64 Kbit I²C EEPROM in a 4-ball WLCSP — what this chip is
The STMicroelectronics M24C64-FCU6TP/TF is a 64 Kbit serial EEPROM with an I²C interface, organized as 8 K × 8 bits. It clocks at 1 MHz and delivers a 450 ns access time, which means the bus master waits one I²C clock cycle per byte read — a timing detail that matters when you are budgeting read latency in a firmware boot or calibration-load sequence. The 4-XFBGA WLCSP package (0.80 mm × 0.67 mm body) is a wafer-level chip-scale package — no leads, no exposed pad, just four solder balls on the bottom.
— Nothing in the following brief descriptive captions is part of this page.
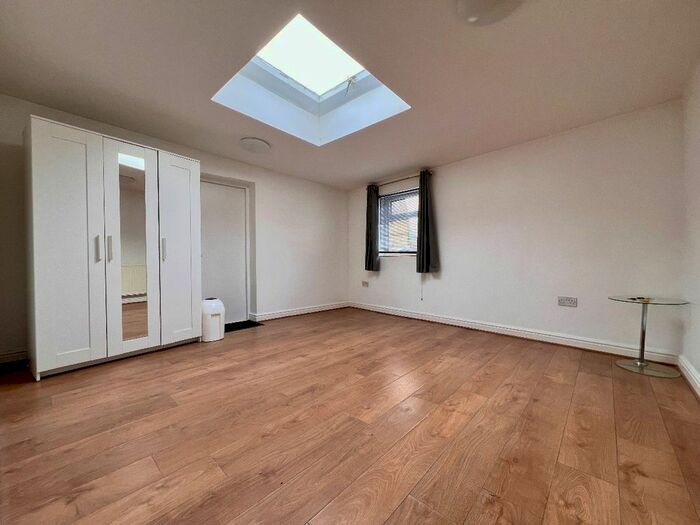 2 Bedroom Flat To Rent In Coombe Road, Norbiton, Kingston Upon Thames, KT2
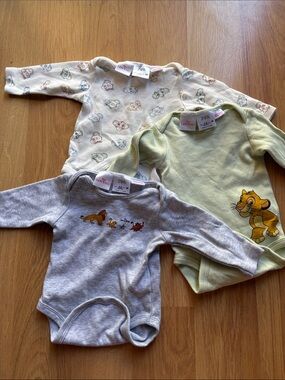 Zara baby three longsleeve onesies lion King Simba size 3 to 6 months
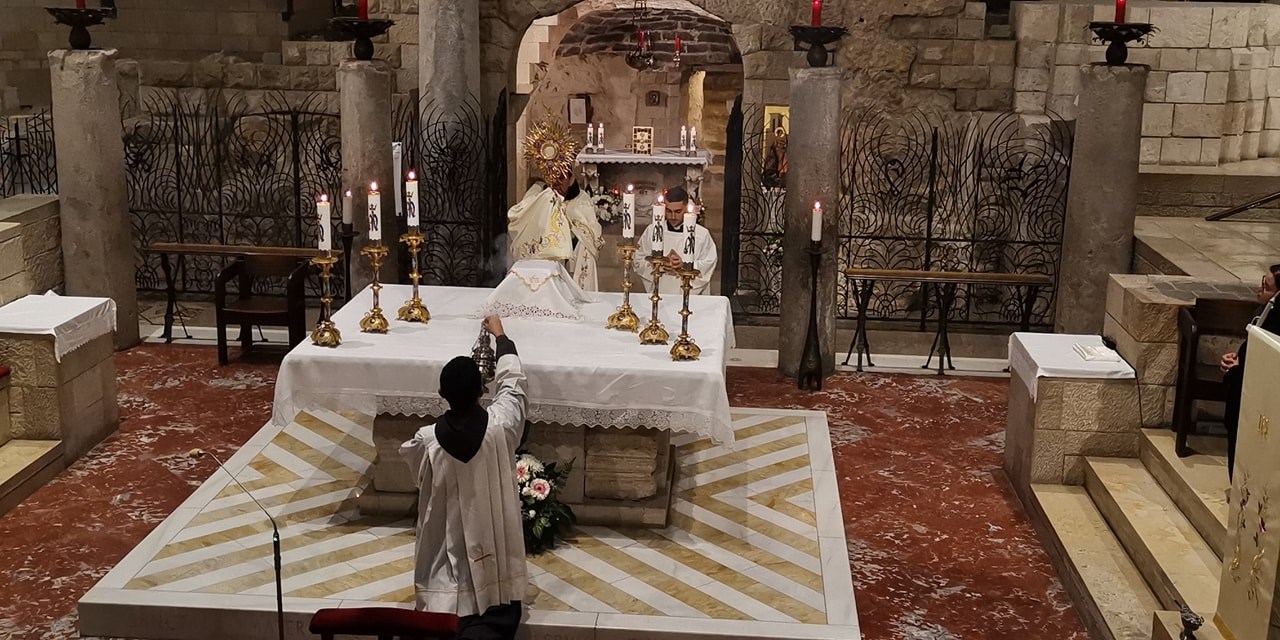 Chầu Thánh Thể tại Vương Cung Thánh Đường Truyền Tin ở Nazareth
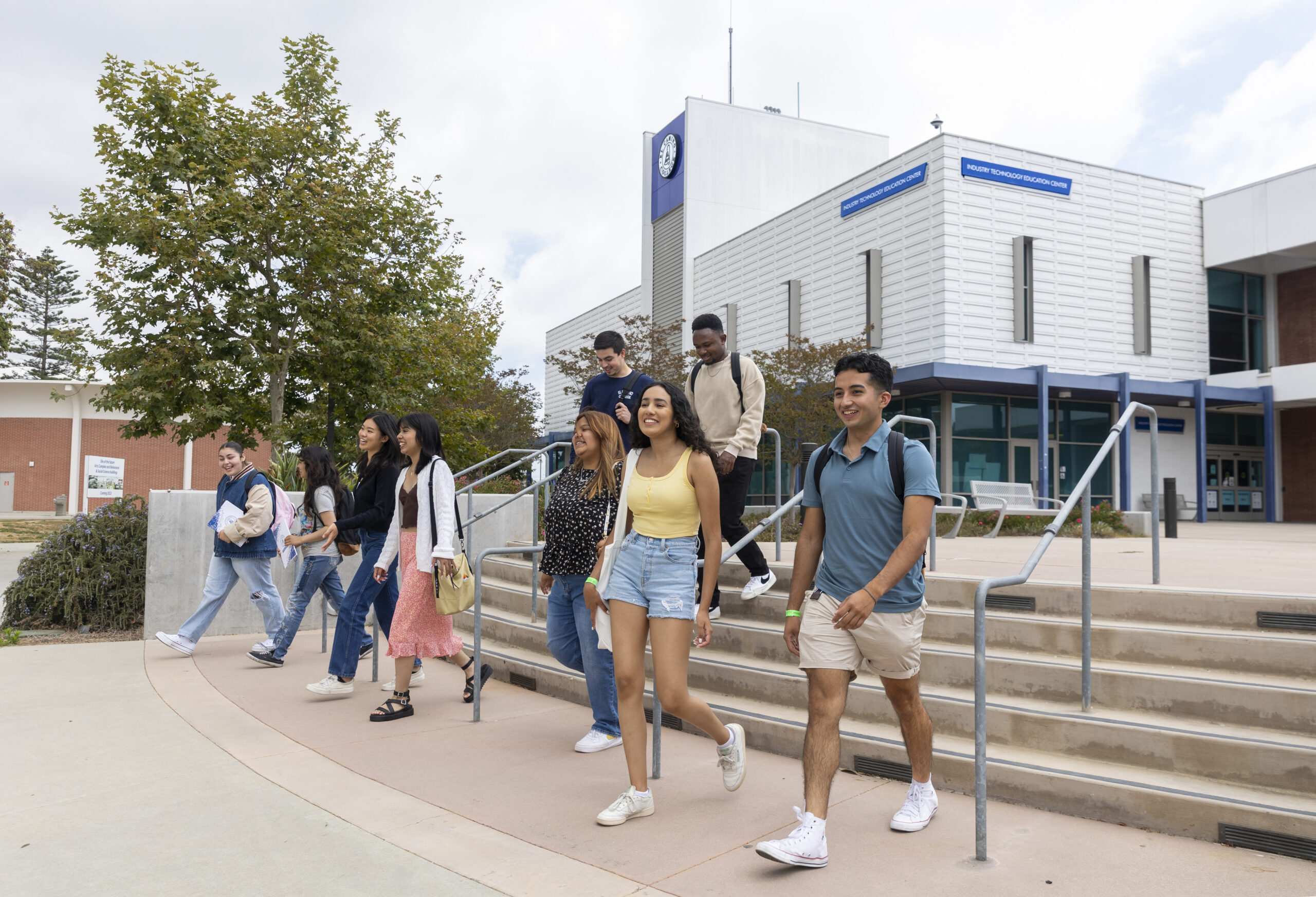 students walking to class at el camino college 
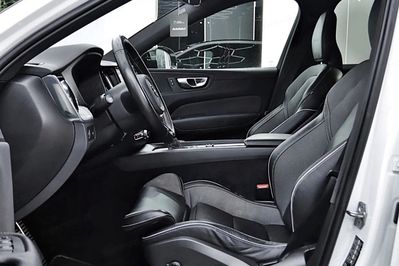 Volvo XC60 B4 B R-Design aut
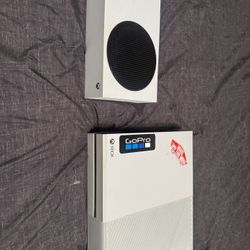 Xbox One And Xbox Series S 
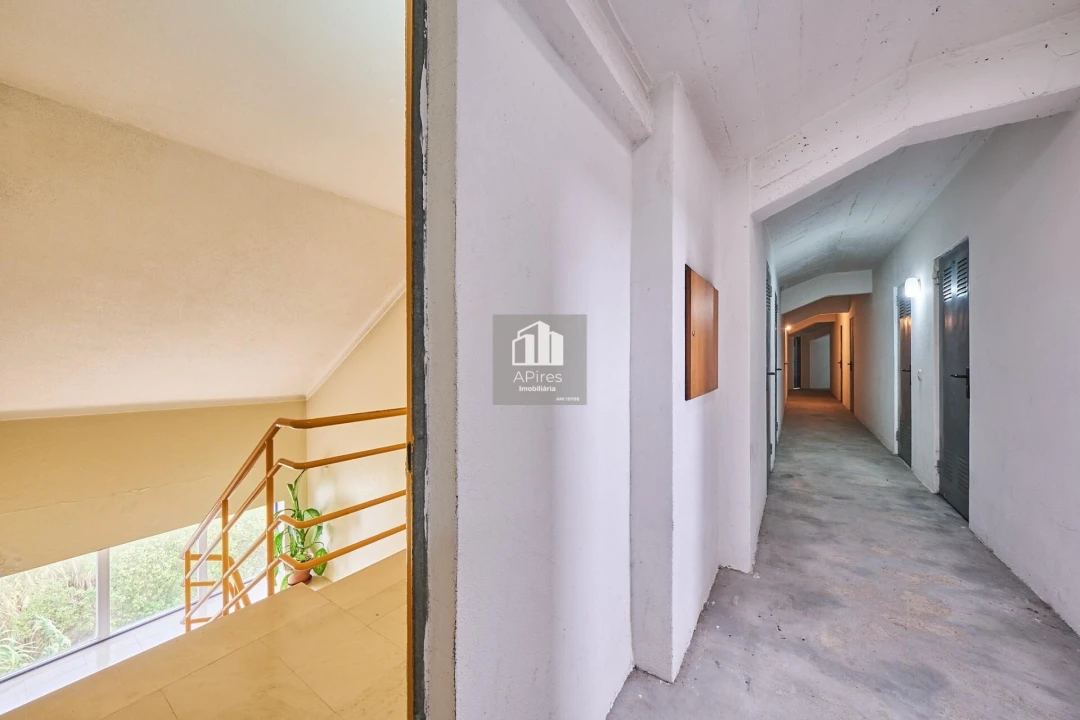 Apartamento T3 para Venda em Costa da Caparica Foto 24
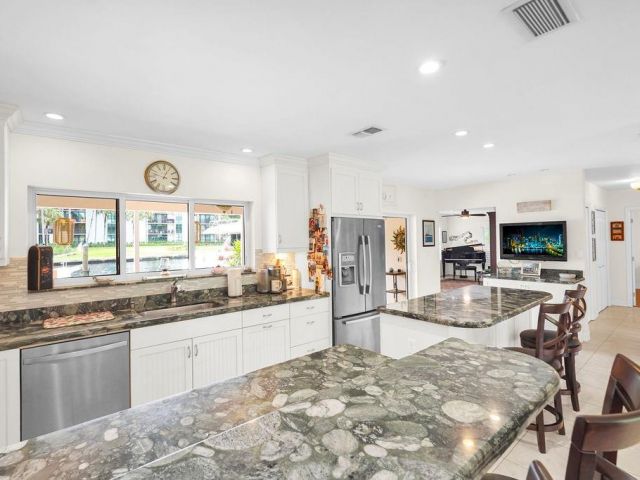 Продажа дома по адресу 1336 SW 10th St - фото 6201446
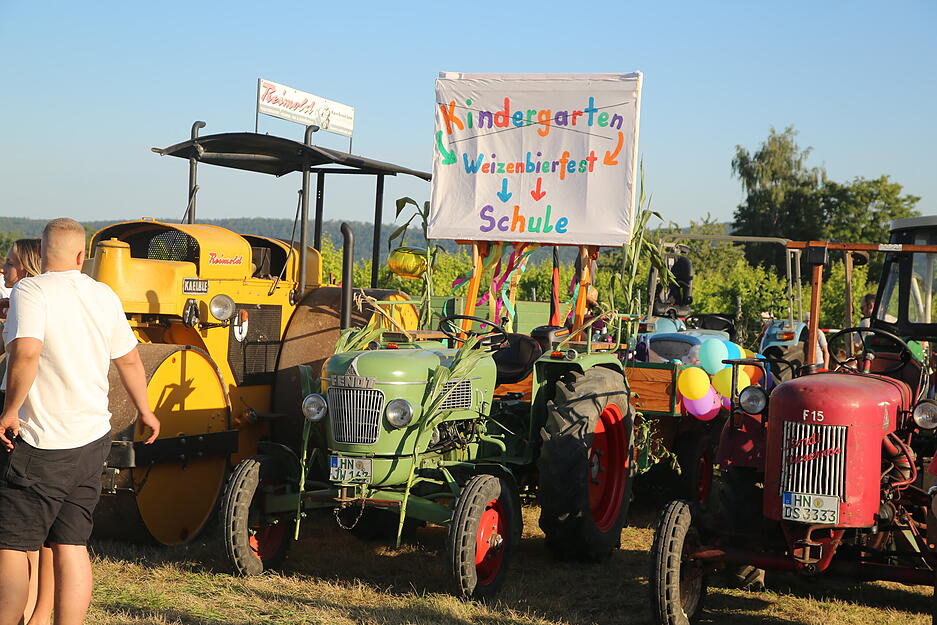 Das Weizenbierfest in Ochsenburg ist alljährlich ein Publikumsmagnet. Das Weizenbierfest in Ochsenburg ist alljährlich ein Publikumsmagnet.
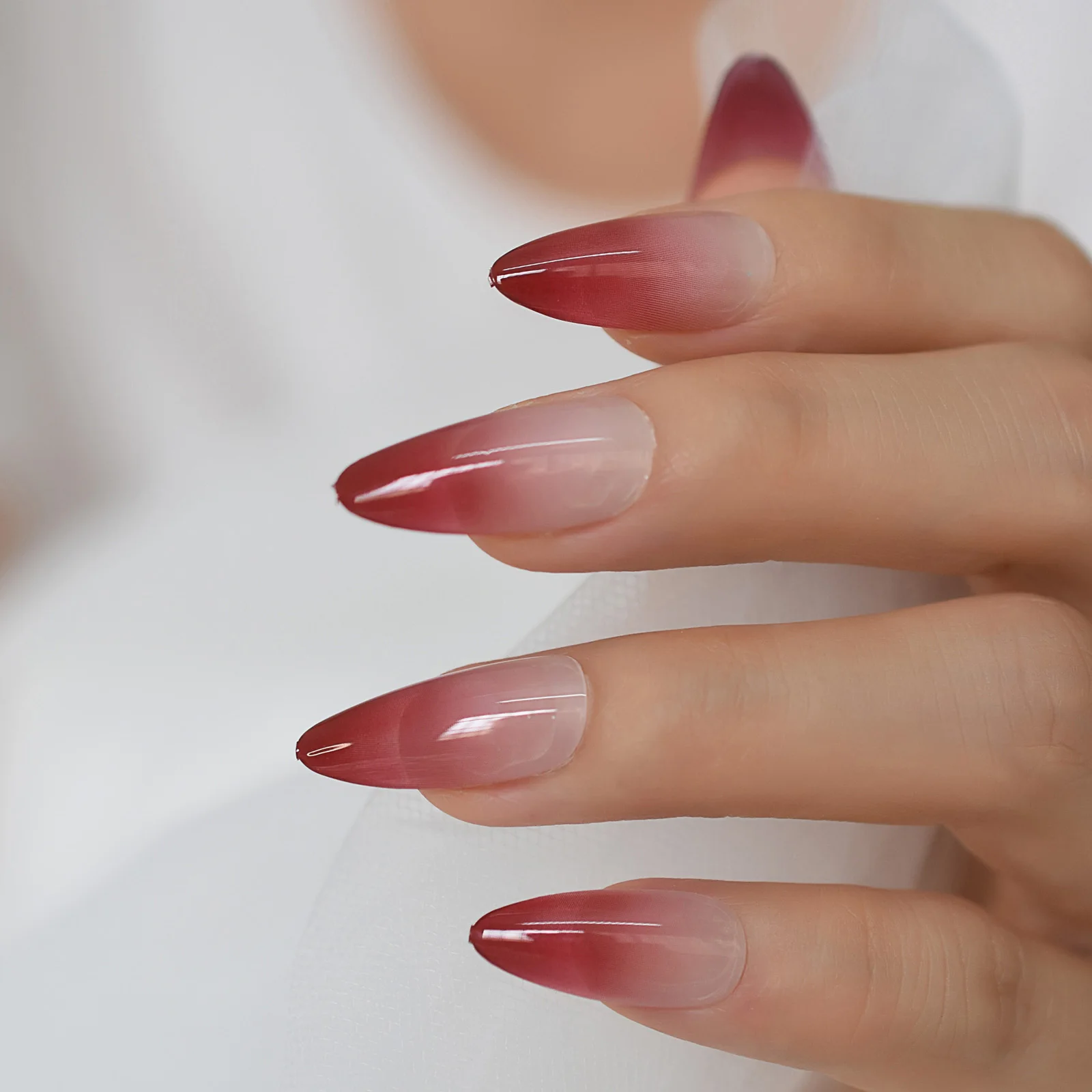 Накладные ногти с эффектом омбре красного цвета дизайн УФ-эффектом средней длины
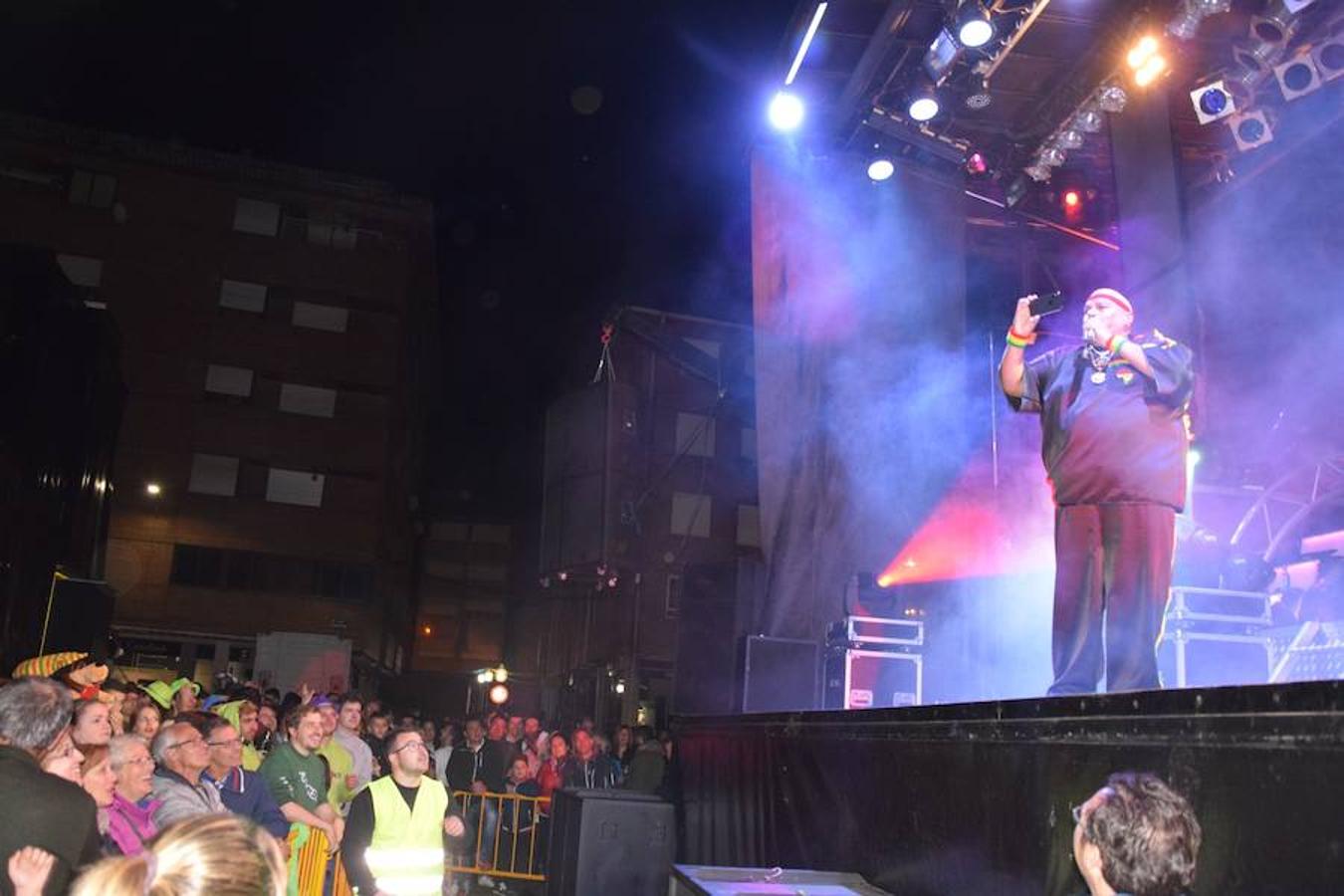 Fotos: Concierto de King África en Guardo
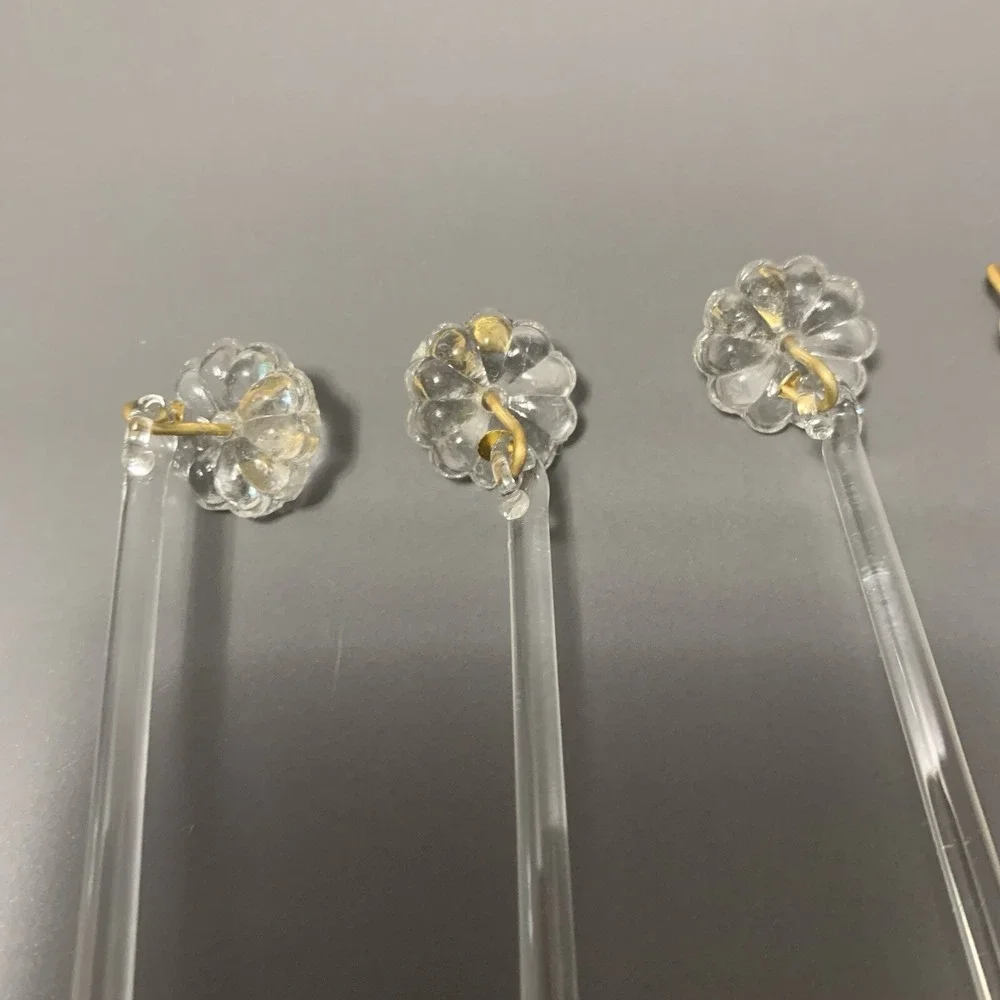 Vtg 4 pcs Clear Glass Teardrop Crystal Chandelier Replacement with Flower Daisy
The M24C64-FCU6TP/TF carries an Obsolete lifecycle status. STMicroelectronics no longer manufactures this specific variant in the 4-WLCSP package. For a production BOM that already uses this order code, the path forward is either sourcing existing stock through independent distribution or qualifying a replacement. The base product number M24C64 covers a broad family of 64 Kbit I²C EEPROMs in different packages — SOIC, TSSOP, UFDFPN — but the FCU6 suffix is unique to the WLCSP variant, so a pin-compatible drop-in in the same footprint does not exist in the active M24C64 line. Any replacement will require a PCB layout change or a package adapter.
1 MHz I²C and 450 ns access — sizing the bus timing
The 1 MHz clock frequency is the maximum SCL rate for this device. At that speed, the I²C bus runs in fast-mode plus (Fm+). If your host controller runs a bit-banged I²C or a slow MCU with marginal I²C timing, the 450 ns window is tight; a 400 kHz bus clock gives more margin. The write cycle time is 5 ms per page or byte, which is the period after a STOP condition during which the EEPROM is busy programming — the master must not send another command during that window.
WLCSP package — layout and assembly notes
The 4-WLCSP package measures 0.80 mm × 0.67 mm with a 0.40 mm ball pitch. That is a fine-pitch wafer-level chip-scale package — no molded body, just the silicon die with solder balls directly attached. The PCB land pattern must match the ball layout exactly; there is no room for via-in-pad without filling and capping. The package is moisture-sensitive, so MSL handling procedures apply. For rework, a hot-air nozzle sized for a 1 mm × 1 mm die works, but the small ball size makes alignment critical — optical alignment under a microscope is standard practice in a rework lab.